In order to analyze the choice of this threshold, it is assumed that the fingerprint bits are random i.i.d. (independent and identically distributed). Then the erroneous bits have a binomial distribution, that can be approximated by a normal distribution. In practice, by experimentally determination, the standard deviation is 3 times higher than the theoretical standard deviation and the detection threshold has a value of BER (Bit Error Rate)= 0.35. Arriving at a very low false alarm probability of 3.7x10-20 .

 

To show the robustness of the proposed audio fingerprinting scheme, they selected four shorts audio excerpts. All of the excerpts were subjected to different signal degradation. Thereafter the BERs between the fingerprint blocks of the original version and of all the degraded versions were determined for each audio clip. The results showed that almost all the resulting bit error rates are below the threshold of 0.35.

The system is inherently robust against linear speed changes from –2% until +2%. For larger speed changes there are two things to do: increase the database of every song at multiple speeds and extract fingerprints at multiple speeds. There is a new extraction algorithm inherently robust against large speed changes (approx. –5% to 5%) that will be presented at ICASSP 2003.

 

A naive approach to identify a fingerprint block originated from an unknown audio clip is to find the most similar fingerprint block in the database. In other words, to find the position in the 250 million sub-fingerprints where the bit error rate is minimal, which takes 250 million fingerprint block comparisons. Thus, this approach is impractical for large databases.

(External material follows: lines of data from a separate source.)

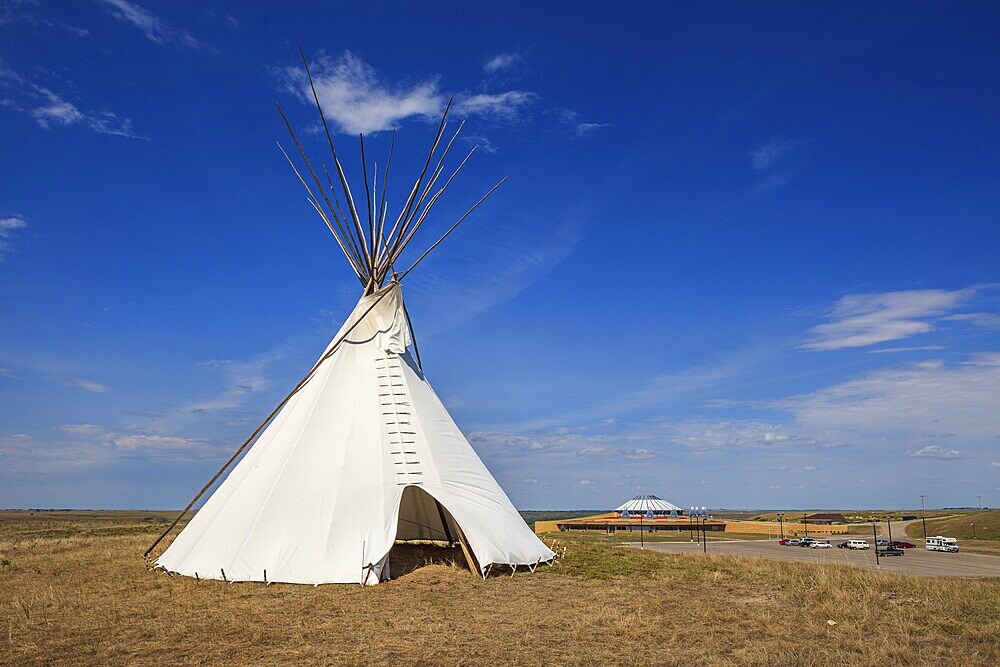 A white canvas tipi set up at the Blackfoot Crossing Historical Park near Cluny, Alberta, Canada
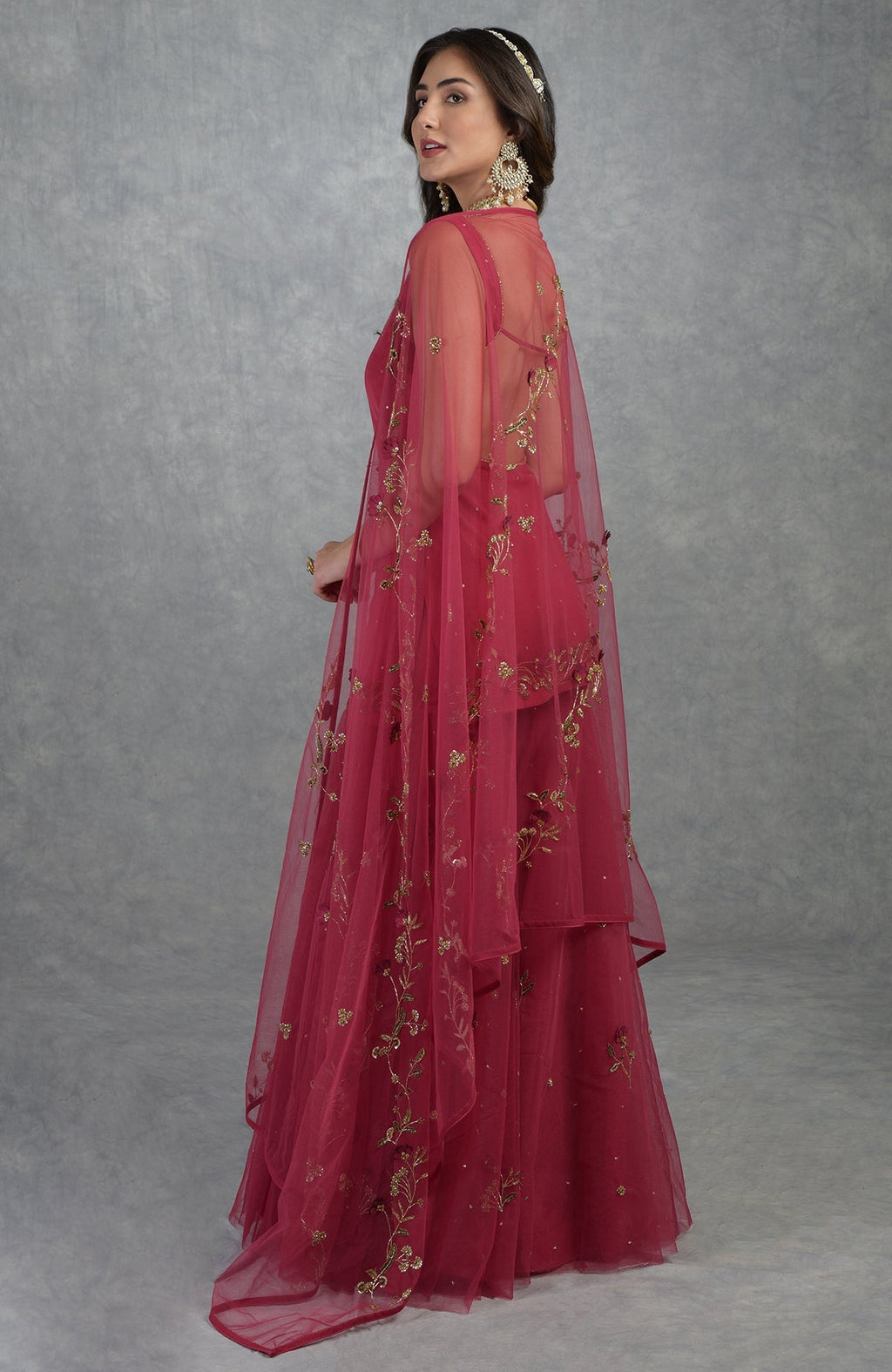 Red sharara set with 3D floral and zardozi hand embroidery on tulle fabric and deep scoop neck kurta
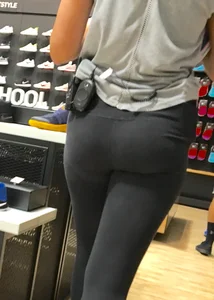 Shoe store employee with a sexy bubble butt in leggings
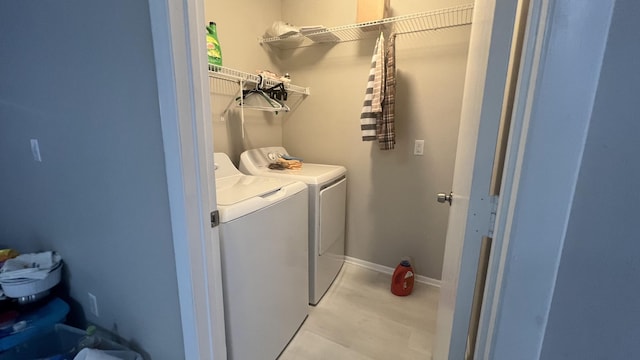 clothes washing area with washing machine and clothes dryer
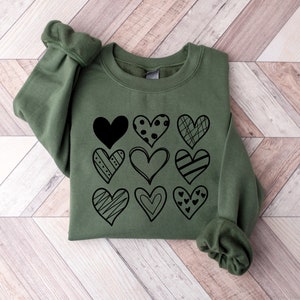 May include: A green sweatshirt with a black graphic of various hearts with different patterns.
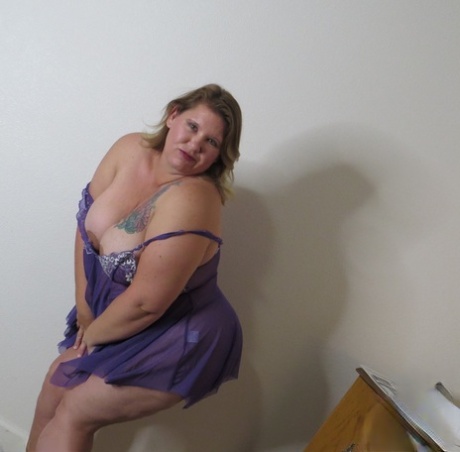 Fat amateur Busty Krisann doffs lingerie before standing naked against a wall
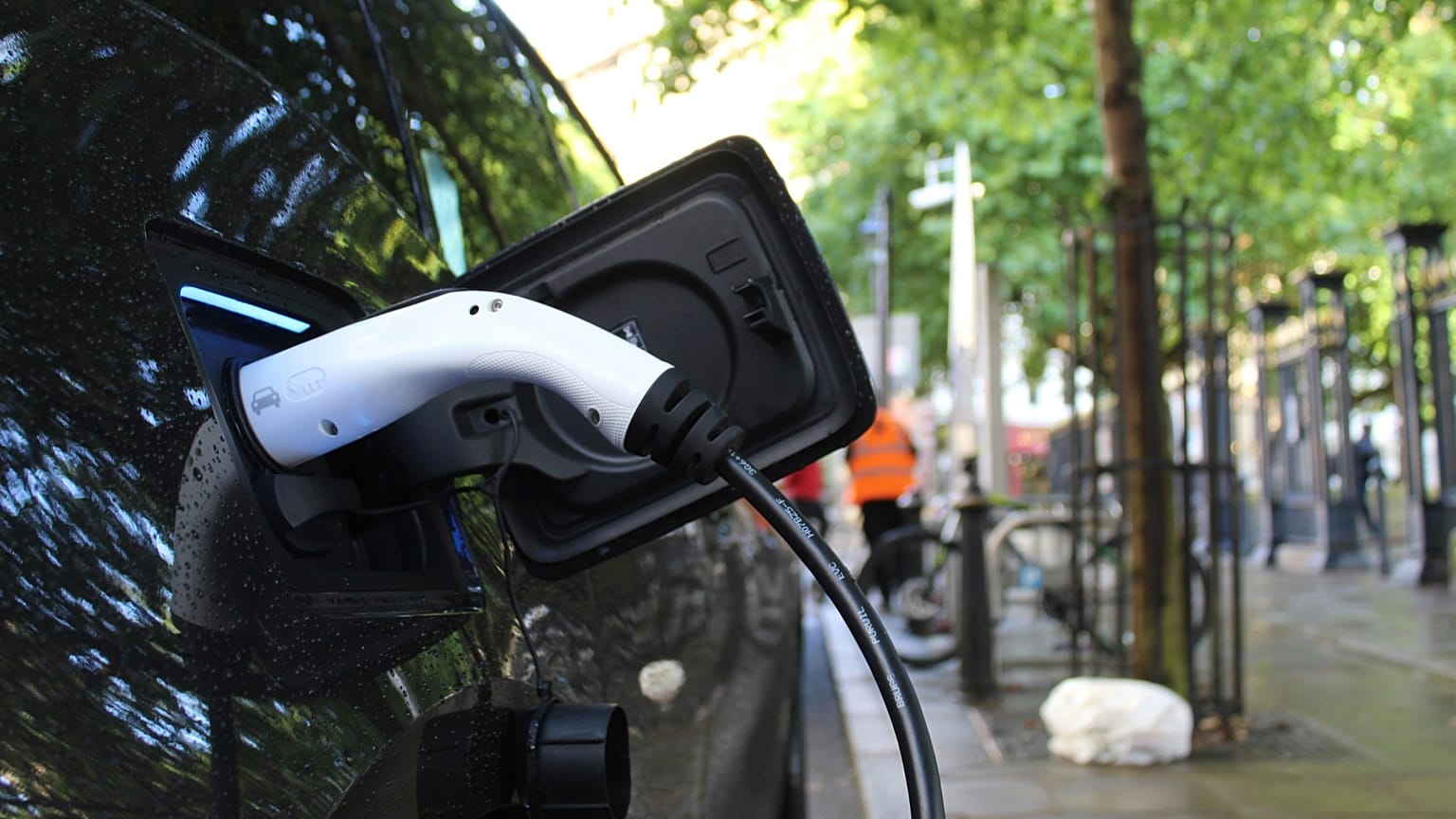 Close-up shot of an EV car being charged.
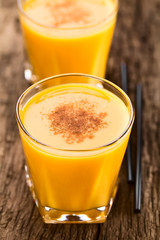 Frischer hausgemachter Kürbis Smoothie oder Milkshake mit Zimt bestreut (Selektiver Fokus, Fokus ein Drittel in die Oberfläche des Getränks)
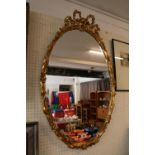 Large Oval Gilt Gesso type wall mirror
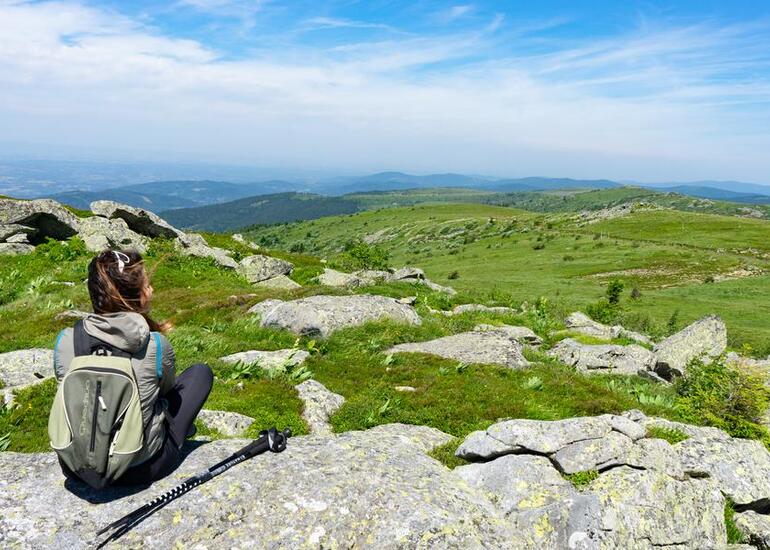 Randonneuse assise sur un sommet rocheux contemplant le vaste panorama de pâturages d'altitude des hautes chaumes des monts du Forez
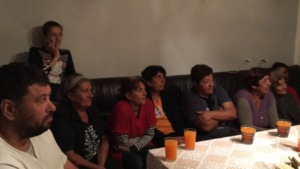 Listening intently to others sharing ideas
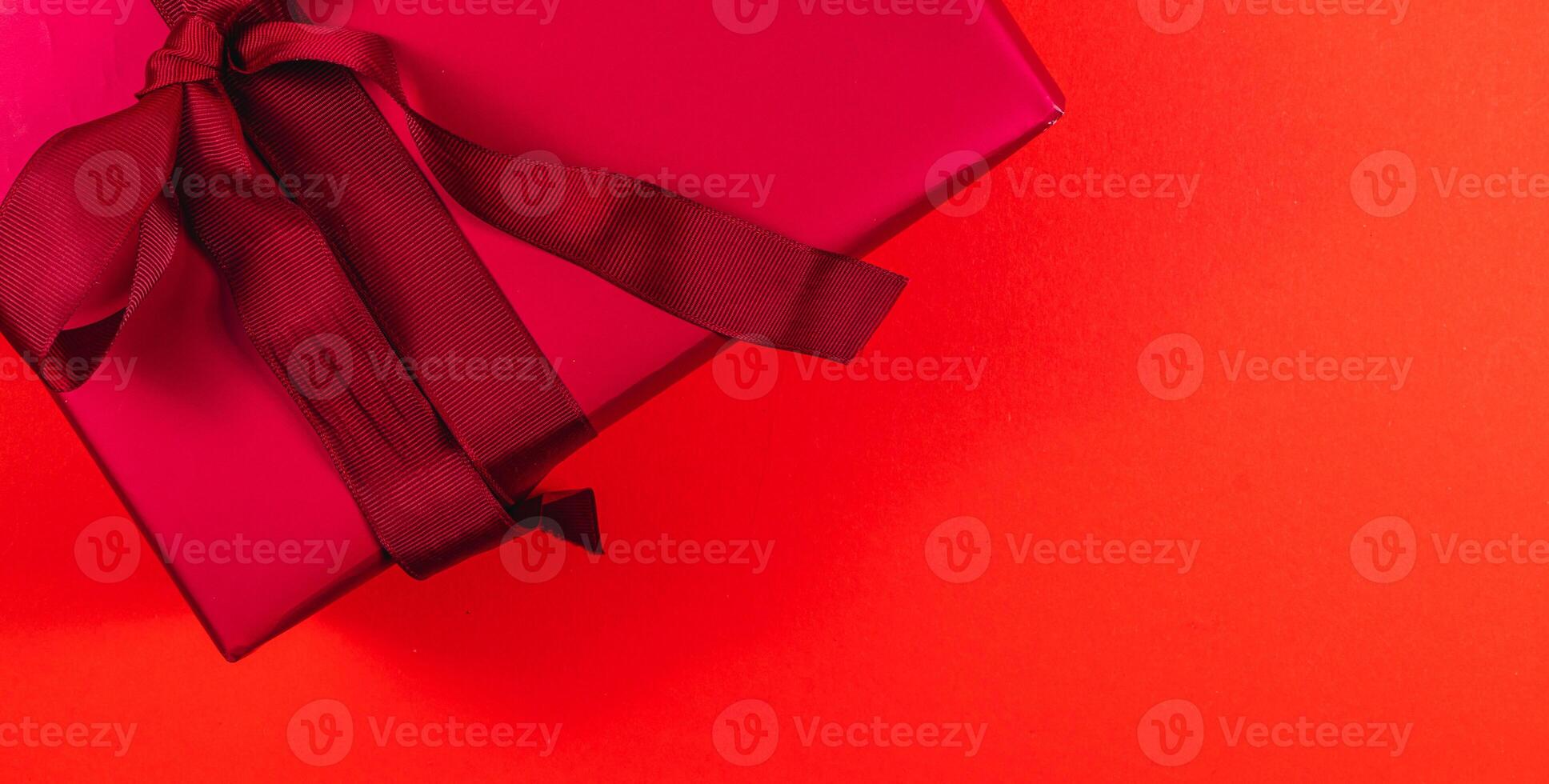 banner Red gift box with dark red bow and ribbon on red background photo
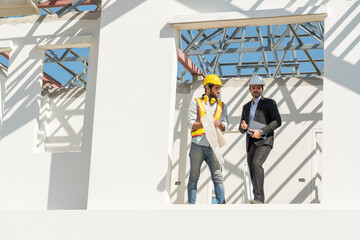 Project Manager Check the construction progress and the strength with Foreman standing on the balcony of the house while the roof is being built.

The next strategy is followed by “mild” degradations: sub-fingerprints frequently do not contain errors. If this assumption is valid it is very likely that at least one sub-fingerprint has an exact match at the optimal position in the database. The fingerprint block is build as an index on 32 bit sub-fingerprints, which through a lookup table (LUT) is the entry of the fingerprint database (song1, song2, …).

Whether instead of a soft degradation it is a “severe” degradation an other strategy is applied: the reliability of bits can be estimated. They propose to estimate and use the probability that a fingerprint bit is received correctly. This results to generate for every sub-fingerprint a list of probable sub-fingerprints.

 

When the match is computed between the fingerprint block query and the fingerprint database, the sub-fingerprints are reduced by two. Thus, saving storage. Increasing the sub sample factor the relative standard deviation holds. This is due to the large overlap of the subsequent sub-fingerprints, they have a large similarity and are slowly varying in time.

 

The Fingerprint server has a Master/Slave Architecture. The advantages are the following: cost effective, extendible and easy to upgrade.

-         Master’s functions:

·       Handles communication with the outside world: the Fingerprint API (FAPI) and the control PC.

·       Distributes the fingerprint database over its slaves.

·       Distributes identification requests over its slaves, collects the results and returns the respective song ID’s to the FAPI.

-         Slave’s functions:

·       Contains a subset of fingerprint database.

·       Granularity

-         3 seconds: 25,000 (4 minute) songs. 200 stations in parallel

-         6 seconds: 50,000 (4 minute) songs. 400 stations in parallel

 

From this talk we can conclude that the fingerprint extraction system is very robust and moreover only granularity of 3 seconds is needed. In addition the database is done with low complexity search strategy.